Problem requirements: Reproduce precisely the lines between the start of the data below and the line with "Image 2 : HERMAN", both included.
***** Data under study *****
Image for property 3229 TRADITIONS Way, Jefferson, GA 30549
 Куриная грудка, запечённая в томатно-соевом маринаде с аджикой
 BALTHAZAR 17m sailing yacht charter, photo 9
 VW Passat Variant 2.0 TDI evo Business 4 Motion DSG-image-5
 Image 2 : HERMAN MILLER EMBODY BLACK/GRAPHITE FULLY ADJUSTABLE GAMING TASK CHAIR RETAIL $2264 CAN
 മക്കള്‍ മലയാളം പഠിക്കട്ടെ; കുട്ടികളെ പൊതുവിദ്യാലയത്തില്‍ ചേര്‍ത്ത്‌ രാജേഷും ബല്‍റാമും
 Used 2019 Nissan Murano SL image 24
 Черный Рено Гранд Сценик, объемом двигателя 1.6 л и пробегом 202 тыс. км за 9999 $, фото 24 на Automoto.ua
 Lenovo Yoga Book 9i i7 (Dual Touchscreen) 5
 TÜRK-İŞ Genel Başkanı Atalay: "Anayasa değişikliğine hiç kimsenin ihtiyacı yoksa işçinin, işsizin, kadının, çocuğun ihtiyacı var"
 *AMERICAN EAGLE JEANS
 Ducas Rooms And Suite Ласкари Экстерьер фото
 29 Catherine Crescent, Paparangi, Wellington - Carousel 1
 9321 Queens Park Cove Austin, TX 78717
*****
Result of this exercise:
Image for property 3229 TRADITIONS Way, Jefferson, GA 30549
 Куриная грудка, запечённая в томатно-соевом маринаде с аджикой
 BALTHAZAR 17m sailing yacht charter, photo 9
 VW Passat Variant 2.0 TDI evo Business 4 Motion DSG-image-5
 Image 2 : HERMAN MILLER EMBODY BLACK/GRAPHITE FULLY ADJUSTABLE GAMING TASK CHAIR RETAIL $2264 CAN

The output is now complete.